De um dos maiores produtores agrícolas do mundo e, até pouco tempo, líder na luta contra a fome, o
Brasil vive hoje uma situação constrangedora na FAO, analisa Velasco. "É vergonhoso e diz muito sobre o desleixo da política externa, sobretudo no que tange às relações com o multilateralismo", afirmou.
29 de setembro 2021, 18:37
Ainda assim, segundo o especialista, é improvável que o calote à FAO
atrapalhe o ingresso do Brasil na Organização para a Cooperação e Desenvolvimento Econômico (OCDE), um dos
principais objetivos do governo de Jair Bolsonaro no âmbito da política externa. E é também por essa razão que o calote pode se confirmar.
Para um país como o Brasil, a perda do poder de barganha político-comercial junto aos outros países é apenas a ponta do iceberg sobre o qual se escondem outros problemas. Com o calote à FAO, o país poderia participar das conferências anuais, mas não poderia opinar.
"Isso significa um enorme constrangimento para o Brasil. Ser impedido de expressar sua posição é muito constrangedor, principalmente porque o país tem uma diplomacia e um corpo de diplomatas muito reconhecido", avaliou.
Especificamente com relação à FAO, a dívida brasileira só é inferior à dos EUA, que, segundo o professor, "é um notório caloteiro". Ele explicou, entretanto, que há uma clara
diferença entre a postura do governo brasileiro e a dos presidentes norte-americanos mais recentes, Trump e Joe Biden.
Diferentemente das grandes potências, explicou Velasco, o Brasil não tem excedente de poder. Grandes potências globais, como a Rússia, a China e os EUA, "esses podem se dar ao luxo de agir em bases unilaterais. A China age às margens do multilateralismo, principalmente com relação a Taiwan. E os EUA periodicamente fazem o mesmo, como no caso da invasão do Iraque, ao arrepio do direito internacional".
"Os EUA fazem isso como forma de pressão. Como eles são os maiores contribuintes das organizações internacionais, eles atrasam suas contribuições para os organismos atenderem seus caprichos. No caso do Brasil, não há pressão, é simplesmente porque não pagamos recursos que sequer são tão voluptuosos", disse.
Gigante pela própria natureza
No estudo das relações internacionais, o Brasil sempre teve uma projeção neutra e de protagonista na defesa dos interesses da América Latina.
O Barão do Rio Branco, por exemplo, foi responsável por negociar pacificamente e anexar mais de 900 mil quilômetros quadrados ao território nacional. O Brasil faz fronteira com dez países e é uma das poucas nações que têm seus limites fixados há mais de um século sem que nenhuma guerra tenha sido declarada.

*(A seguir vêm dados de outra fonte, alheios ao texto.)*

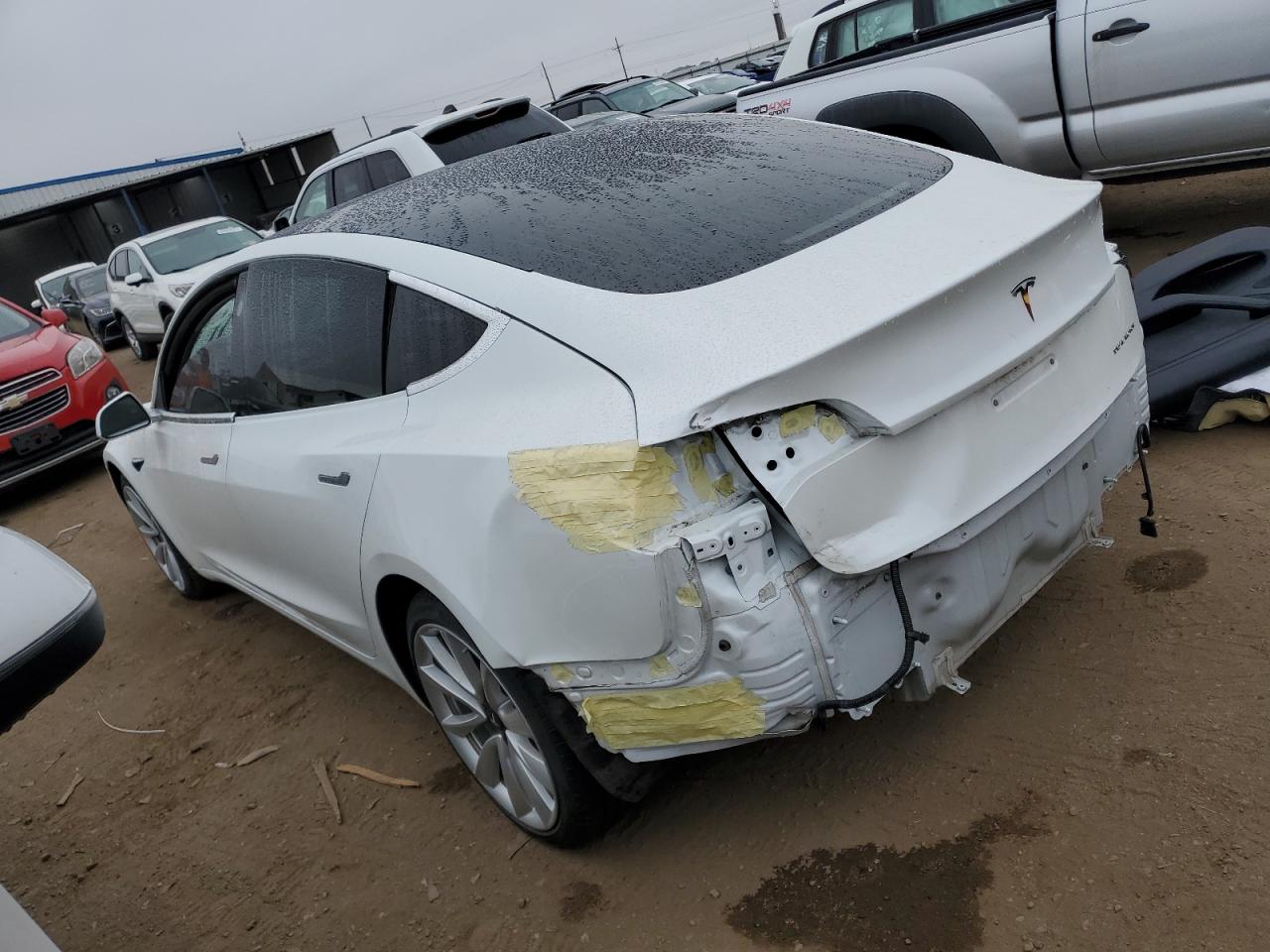 5YJ3E1EB0KF512778 2019 TESLA MODEL 3 - Image 2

Do BRICS ao Mercosul, o Itamaraty acostumou-se a ser "um modelo para os vizinhos do Brasil", e mesmo para outras potências internacionais. Para Paulo Velasco, a FAO foi mais uma das instituições internacionais onde o Brasil exerceu seus interesses, "justamente por sermos uma potencia agrícola da maior importância".
"Sermos banidos tem um impacto pernicioso para o nosso desempenho no exterior. É uma perda de prestígio, caso o valor que devemos não seja pago", comentou.

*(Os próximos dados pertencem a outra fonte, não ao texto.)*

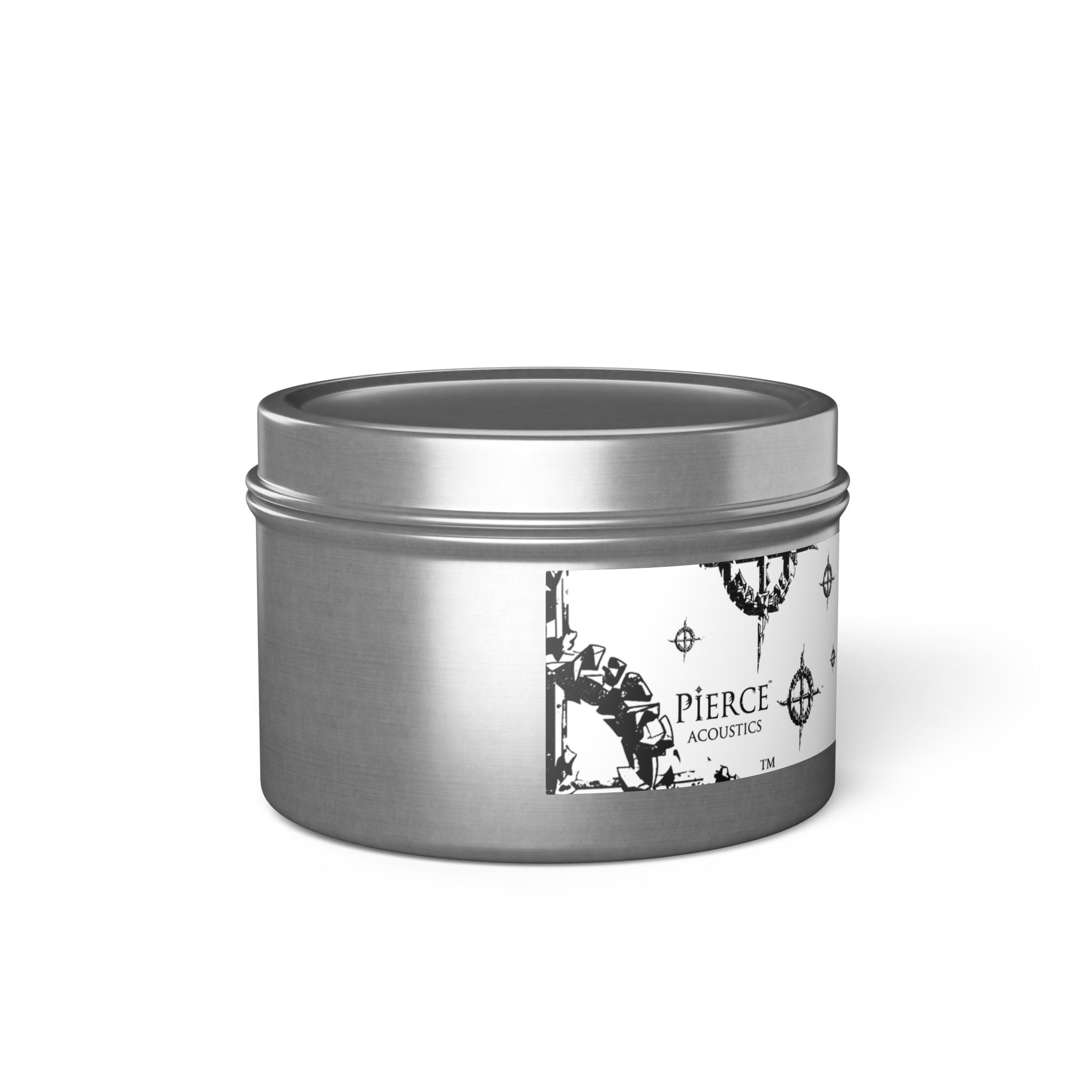 Pierce Acoustic Official Scented Tin Candle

Nesse sentido, ele relembrou os esforços da diplomacia brasileira nas campanhas da ONU para erradicar a fome, apresentando programas e fomentando iniciativas. A FAO foi comandada pelo brasileiro José Graziano da Silva entre 2012 e meados de 2019. Graziano foi ministro do governo de Luiz Inácio Lula da Silva e considerado o pai do programa Fome Zero.

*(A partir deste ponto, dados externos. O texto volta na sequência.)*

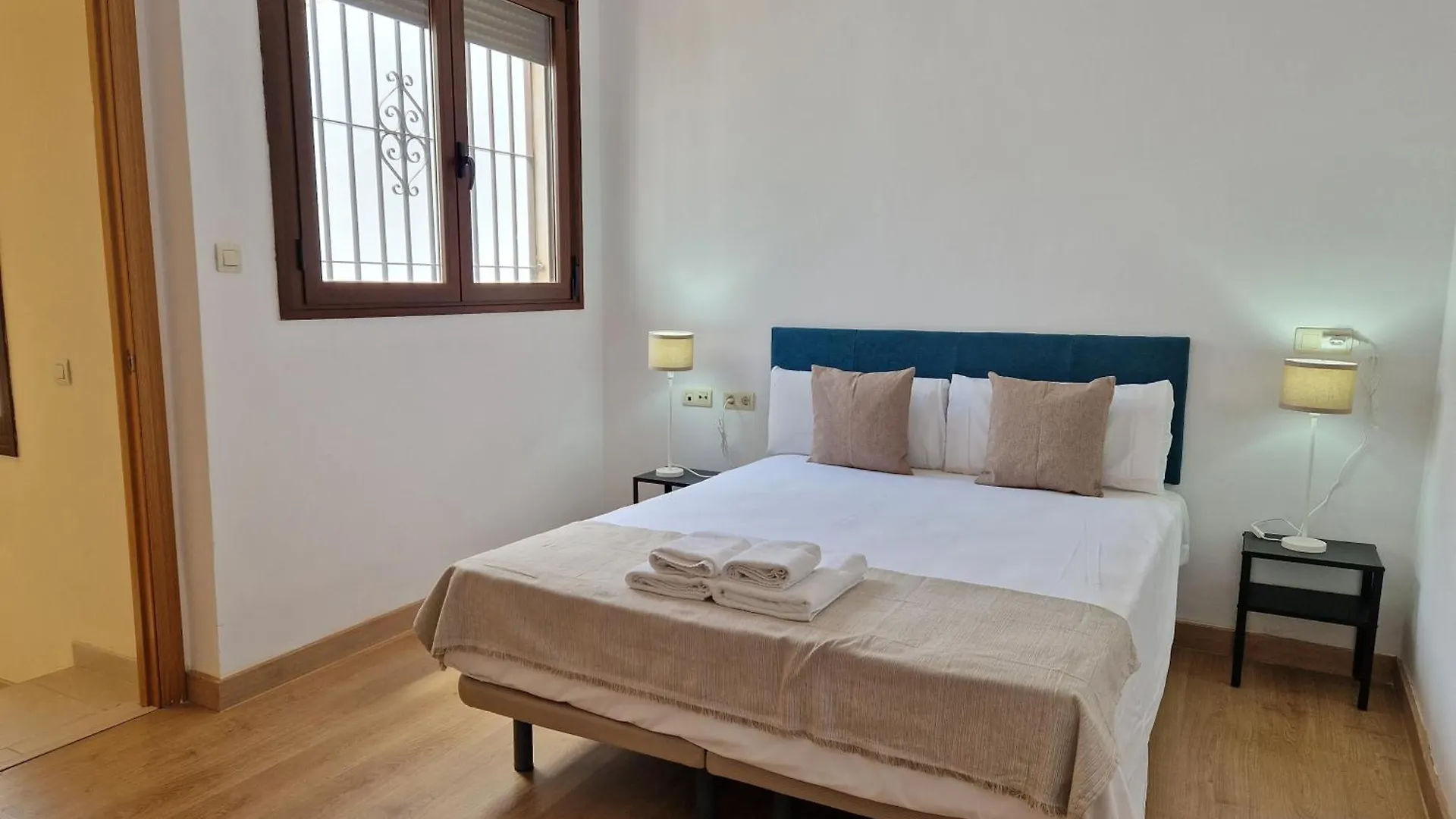 Del Parque Flats Gibralfaro Terrace Villa Málaga Vakantiehuis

A crise diplomática na entidade ocorre no mesmo momento em que a instituição revela um salto sem precedentes da fome no Brasil. De acordo com a informação coletada pela instituição, 24% dos
brasileiros vivem um estágio de fome moderada, enquanto
8% atravessam uma situação de fome severa.
Ao fugir da dívida, o Brasil apresenta ao mundo um país incapaz de se reconhecer no espelho da história. Negligenciar a FAO, a ONU e o multilateralismo terá muitos custos no futuro, e um deles já está sobre a mesa: quanto tempo será necessário para recuperarmos o prestígio do Itamaraty?